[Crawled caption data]
- - -

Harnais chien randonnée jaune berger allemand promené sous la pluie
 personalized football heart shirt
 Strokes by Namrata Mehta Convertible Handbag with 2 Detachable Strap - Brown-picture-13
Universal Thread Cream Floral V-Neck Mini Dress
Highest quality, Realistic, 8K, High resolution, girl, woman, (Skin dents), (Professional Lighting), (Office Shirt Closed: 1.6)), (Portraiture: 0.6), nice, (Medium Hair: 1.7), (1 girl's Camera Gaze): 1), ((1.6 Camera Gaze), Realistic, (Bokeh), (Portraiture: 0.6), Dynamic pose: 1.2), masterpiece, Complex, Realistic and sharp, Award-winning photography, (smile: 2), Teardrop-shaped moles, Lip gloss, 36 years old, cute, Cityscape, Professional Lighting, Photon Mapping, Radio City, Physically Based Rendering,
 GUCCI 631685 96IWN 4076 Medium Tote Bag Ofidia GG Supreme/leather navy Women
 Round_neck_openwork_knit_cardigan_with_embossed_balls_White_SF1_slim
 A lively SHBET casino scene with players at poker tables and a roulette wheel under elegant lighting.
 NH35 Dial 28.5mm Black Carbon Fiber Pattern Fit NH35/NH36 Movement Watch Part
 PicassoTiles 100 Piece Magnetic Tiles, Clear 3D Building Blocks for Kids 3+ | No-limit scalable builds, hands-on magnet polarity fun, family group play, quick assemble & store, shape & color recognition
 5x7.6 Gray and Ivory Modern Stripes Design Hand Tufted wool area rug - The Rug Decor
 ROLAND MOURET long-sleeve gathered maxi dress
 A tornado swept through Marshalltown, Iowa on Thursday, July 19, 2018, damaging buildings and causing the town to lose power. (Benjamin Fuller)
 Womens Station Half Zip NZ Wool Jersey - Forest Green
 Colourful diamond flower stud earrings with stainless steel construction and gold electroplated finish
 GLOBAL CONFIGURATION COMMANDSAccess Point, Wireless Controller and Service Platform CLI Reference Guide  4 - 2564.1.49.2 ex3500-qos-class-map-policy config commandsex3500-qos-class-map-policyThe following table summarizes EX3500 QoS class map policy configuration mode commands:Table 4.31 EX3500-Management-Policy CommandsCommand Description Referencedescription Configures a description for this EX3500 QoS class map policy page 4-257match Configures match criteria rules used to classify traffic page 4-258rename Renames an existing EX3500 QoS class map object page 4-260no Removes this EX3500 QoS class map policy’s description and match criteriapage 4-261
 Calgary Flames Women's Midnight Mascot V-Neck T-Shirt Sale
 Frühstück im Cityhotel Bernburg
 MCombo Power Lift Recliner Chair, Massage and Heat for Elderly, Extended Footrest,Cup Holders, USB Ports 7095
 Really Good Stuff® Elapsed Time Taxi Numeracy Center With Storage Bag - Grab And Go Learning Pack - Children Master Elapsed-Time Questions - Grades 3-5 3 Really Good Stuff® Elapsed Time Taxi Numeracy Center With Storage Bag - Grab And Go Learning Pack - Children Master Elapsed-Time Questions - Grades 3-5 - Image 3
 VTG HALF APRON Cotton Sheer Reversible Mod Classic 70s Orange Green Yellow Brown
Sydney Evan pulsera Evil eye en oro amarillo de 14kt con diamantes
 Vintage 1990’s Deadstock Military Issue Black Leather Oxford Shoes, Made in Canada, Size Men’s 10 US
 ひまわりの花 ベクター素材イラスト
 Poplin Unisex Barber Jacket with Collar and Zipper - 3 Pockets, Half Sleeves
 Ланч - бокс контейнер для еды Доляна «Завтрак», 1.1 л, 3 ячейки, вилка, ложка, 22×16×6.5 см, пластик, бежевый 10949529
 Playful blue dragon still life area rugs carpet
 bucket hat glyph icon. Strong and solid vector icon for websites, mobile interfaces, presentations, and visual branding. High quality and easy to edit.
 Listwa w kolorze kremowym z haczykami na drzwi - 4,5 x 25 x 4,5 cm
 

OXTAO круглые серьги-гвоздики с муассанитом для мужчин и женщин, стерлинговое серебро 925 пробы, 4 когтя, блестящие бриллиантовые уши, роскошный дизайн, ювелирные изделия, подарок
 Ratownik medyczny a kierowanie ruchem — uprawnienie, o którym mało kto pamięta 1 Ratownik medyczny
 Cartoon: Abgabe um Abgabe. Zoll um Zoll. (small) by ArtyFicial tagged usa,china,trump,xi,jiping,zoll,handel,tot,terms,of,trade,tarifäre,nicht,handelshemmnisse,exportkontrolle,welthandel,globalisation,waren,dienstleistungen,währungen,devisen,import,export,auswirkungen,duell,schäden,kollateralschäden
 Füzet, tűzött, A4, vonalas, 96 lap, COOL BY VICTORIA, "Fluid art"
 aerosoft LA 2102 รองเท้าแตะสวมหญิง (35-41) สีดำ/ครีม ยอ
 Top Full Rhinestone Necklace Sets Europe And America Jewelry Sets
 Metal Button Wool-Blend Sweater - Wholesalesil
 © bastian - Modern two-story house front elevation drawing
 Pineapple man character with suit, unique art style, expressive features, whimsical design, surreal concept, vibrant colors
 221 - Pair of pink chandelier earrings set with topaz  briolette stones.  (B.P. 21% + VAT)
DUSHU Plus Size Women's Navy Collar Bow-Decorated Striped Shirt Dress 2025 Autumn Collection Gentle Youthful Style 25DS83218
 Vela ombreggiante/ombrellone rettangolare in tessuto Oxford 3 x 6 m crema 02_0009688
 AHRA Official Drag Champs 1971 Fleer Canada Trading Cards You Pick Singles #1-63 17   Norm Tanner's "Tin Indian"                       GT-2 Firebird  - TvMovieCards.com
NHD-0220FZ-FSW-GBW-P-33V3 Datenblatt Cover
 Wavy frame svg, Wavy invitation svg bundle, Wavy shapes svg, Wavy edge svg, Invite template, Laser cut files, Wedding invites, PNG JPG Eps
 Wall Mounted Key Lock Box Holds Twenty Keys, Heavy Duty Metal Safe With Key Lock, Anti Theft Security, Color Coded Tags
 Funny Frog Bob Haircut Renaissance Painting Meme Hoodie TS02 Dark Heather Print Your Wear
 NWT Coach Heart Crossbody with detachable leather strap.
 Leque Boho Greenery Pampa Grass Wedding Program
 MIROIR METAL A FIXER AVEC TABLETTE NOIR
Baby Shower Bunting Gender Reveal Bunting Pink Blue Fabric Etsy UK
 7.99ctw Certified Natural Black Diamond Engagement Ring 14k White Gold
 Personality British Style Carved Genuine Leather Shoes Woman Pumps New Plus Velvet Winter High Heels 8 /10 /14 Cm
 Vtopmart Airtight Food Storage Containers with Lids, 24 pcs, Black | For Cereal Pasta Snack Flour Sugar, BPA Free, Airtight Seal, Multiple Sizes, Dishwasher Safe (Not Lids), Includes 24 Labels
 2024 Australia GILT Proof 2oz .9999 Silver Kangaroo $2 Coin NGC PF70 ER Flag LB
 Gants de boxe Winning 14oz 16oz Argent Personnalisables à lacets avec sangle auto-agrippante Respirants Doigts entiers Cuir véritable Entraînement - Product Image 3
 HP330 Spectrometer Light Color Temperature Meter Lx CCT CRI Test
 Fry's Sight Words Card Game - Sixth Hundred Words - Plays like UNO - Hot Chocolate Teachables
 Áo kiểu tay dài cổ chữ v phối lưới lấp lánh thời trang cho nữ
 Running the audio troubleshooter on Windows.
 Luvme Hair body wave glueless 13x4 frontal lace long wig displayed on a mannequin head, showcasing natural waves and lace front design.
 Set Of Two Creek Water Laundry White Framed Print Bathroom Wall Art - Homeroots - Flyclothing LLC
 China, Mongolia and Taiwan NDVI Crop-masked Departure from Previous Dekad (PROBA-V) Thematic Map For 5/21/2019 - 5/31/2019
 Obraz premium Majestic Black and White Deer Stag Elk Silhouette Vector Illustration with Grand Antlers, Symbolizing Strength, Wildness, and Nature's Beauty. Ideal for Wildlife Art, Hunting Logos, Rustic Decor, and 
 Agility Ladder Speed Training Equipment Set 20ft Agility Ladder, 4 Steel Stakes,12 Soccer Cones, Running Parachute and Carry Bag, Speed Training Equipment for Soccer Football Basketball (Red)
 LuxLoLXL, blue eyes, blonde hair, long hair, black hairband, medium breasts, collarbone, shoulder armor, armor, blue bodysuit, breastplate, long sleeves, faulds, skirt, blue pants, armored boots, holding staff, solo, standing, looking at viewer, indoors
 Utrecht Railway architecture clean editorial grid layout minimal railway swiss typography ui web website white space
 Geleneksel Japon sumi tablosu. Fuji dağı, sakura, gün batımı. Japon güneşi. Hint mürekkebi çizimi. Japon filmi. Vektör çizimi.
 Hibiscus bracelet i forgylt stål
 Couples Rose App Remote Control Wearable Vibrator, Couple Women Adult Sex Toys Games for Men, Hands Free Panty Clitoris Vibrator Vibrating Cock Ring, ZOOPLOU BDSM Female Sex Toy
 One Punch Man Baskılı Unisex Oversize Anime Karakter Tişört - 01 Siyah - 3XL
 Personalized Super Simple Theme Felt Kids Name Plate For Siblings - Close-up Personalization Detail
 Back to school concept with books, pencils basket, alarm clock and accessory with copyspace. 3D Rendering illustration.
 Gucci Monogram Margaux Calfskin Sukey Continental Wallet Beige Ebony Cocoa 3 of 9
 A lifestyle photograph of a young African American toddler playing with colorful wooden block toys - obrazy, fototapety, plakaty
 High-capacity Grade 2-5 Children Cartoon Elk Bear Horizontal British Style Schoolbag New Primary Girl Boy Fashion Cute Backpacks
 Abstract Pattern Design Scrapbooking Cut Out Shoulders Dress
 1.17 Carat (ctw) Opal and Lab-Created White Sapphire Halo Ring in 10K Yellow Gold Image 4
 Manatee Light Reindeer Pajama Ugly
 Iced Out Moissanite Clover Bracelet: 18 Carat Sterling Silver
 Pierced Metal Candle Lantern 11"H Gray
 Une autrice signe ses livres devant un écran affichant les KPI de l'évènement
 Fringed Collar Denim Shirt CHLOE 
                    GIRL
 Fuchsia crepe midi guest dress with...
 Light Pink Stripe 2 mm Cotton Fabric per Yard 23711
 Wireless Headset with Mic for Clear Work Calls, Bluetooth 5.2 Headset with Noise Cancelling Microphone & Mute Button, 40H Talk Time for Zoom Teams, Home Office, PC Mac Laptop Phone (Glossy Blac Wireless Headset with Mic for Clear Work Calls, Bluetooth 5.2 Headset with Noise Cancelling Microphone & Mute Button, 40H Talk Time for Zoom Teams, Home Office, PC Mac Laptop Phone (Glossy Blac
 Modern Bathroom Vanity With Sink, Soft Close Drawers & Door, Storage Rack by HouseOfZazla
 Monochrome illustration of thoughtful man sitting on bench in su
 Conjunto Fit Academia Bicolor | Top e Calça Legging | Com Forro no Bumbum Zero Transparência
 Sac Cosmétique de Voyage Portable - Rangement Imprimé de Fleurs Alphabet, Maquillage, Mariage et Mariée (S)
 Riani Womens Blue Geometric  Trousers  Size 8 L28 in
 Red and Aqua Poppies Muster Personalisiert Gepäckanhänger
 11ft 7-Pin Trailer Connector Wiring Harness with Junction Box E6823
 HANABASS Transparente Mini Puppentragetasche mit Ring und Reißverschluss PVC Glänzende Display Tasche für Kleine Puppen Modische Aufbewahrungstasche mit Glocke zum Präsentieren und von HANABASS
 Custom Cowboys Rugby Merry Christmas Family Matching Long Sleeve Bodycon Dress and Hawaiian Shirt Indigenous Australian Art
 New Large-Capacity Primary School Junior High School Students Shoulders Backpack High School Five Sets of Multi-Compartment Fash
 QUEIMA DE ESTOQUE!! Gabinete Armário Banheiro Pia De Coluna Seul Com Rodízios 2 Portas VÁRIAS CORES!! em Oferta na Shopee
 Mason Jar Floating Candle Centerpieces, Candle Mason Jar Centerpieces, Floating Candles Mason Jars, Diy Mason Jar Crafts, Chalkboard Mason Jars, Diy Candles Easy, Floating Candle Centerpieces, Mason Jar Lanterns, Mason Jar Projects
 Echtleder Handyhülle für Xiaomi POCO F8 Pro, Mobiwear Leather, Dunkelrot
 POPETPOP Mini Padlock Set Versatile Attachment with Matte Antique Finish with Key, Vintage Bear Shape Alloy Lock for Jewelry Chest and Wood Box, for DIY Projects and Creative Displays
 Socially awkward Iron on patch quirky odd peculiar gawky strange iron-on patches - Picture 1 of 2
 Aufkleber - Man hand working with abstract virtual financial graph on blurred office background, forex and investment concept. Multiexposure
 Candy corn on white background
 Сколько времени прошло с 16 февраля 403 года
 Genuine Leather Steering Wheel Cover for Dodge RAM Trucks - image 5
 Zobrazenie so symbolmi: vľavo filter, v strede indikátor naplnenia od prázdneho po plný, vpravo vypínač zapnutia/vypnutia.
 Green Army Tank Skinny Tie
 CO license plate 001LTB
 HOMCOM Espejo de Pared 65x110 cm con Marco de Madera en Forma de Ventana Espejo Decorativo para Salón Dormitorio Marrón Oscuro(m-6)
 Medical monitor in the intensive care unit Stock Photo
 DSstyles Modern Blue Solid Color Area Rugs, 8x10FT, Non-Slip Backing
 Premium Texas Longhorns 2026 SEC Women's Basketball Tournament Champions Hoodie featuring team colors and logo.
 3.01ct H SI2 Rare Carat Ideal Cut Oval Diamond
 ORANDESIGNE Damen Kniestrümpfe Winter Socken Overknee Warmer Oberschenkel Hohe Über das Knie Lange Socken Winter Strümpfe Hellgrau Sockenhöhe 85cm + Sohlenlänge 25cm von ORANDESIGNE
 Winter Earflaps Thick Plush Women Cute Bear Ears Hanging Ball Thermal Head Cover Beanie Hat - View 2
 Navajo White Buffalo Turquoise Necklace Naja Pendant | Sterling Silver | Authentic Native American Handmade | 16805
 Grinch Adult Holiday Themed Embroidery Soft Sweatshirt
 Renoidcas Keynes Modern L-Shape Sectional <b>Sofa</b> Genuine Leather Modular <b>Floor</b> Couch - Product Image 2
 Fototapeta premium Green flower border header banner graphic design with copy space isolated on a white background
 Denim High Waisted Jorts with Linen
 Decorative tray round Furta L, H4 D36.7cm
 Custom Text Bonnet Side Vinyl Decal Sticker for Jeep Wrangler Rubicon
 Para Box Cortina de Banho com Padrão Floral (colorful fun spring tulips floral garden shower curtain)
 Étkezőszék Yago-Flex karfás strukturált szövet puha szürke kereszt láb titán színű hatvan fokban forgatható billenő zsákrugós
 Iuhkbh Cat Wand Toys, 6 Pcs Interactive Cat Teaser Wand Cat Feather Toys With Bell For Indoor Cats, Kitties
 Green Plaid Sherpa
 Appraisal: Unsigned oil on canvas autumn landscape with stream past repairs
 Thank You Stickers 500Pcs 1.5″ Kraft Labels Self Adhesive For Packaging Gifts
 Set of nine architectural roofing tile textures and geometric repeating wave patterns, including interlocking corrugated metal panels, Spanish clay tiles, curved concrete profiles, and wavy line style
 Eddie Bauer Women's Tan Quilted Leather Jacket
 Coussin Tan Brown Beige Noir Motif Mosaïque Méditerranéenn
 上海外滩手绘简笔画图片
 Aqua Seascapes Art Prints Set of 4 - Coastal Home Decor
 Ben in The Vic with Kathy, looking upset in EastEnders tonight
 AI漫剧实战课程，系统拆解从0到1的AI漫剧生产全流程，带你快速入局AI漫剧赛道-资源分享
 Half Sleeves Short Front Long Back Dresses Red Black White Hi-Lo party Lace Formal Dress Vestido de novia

- - -

Exercise requirements: Print again the lines of the entries above that fall between the line holding "Conjunto Fit Academia" and the line holding "Socially awkward Iron", inclusive, exactly as they stand.

Finished exercise:
 Conjunto Fit Academia Bicolor | Top e Calça Legging | Com Forro no Bumbum Zero Transparência
 Sac Cosmétique de Voyage Portable - Rangement Imprimé de Fleurs Alphabet, Maquillage, Mariage et Mariée (S)
 Riani Womens Blue Geometric  Trousers  Size 8 L28 in
 Red and Aqua Poppies Muster Personalisiert Gepäckanhänger
 11ft 7-Pin Trailer Connector Wiring Harness with Junction Box E6823
 HANABASS Transparente Mini Puppentragetasche mit Ring und Reißverschluss PVC Glänzende Display Tasche für Kleine Puppen Modische Aufbewahrungstasche mit Glocke zum Präsentieren und von HANABASS
 Custom Cowboys Rugby Merry Christmas Family Matching Long Sleeve Bodycon Dress and Hawaiian Shirt Indigenous Australian Art
 New Large-Capacity Primary School Junior High School Students Shoulders Backpack High School Five Sets of Multi-Compartment Fash
 QUEIMA DE ESTOQUE!! Gabinete Armário Banheiro Pia De Coluna Seul Com Rodízios 2 Portas VÁRIAS CORES!! em Oferta na Shopee
 Mason Jar Floating Candle Centerpieces, Candle Mason Jar Centerpieces, Floating Candles Mason Jars, Diy Mason Jar Crafts, Chalkboard Mason Jars, Diy Candles Easy, Floating Candle Centerpieces, Mason Jar Lanterns, Mason Jar Projects
 Echtleder Handyhülle für Xiaomi POCO F8 Pro, Mobiwear Leather, Dunkelrot
 POPETPOP Mini Padlock Set Versatile Attachment with Matte Antique Finish with Key, Vintage Bear Shape Alloy Lock for Jewelry Chest and Wood Box, for DIY Projects and Creative Displays
 Socially awkward Iron on patch quirky odd peculiar gawky strange iron-on patches - Picture 1 of 2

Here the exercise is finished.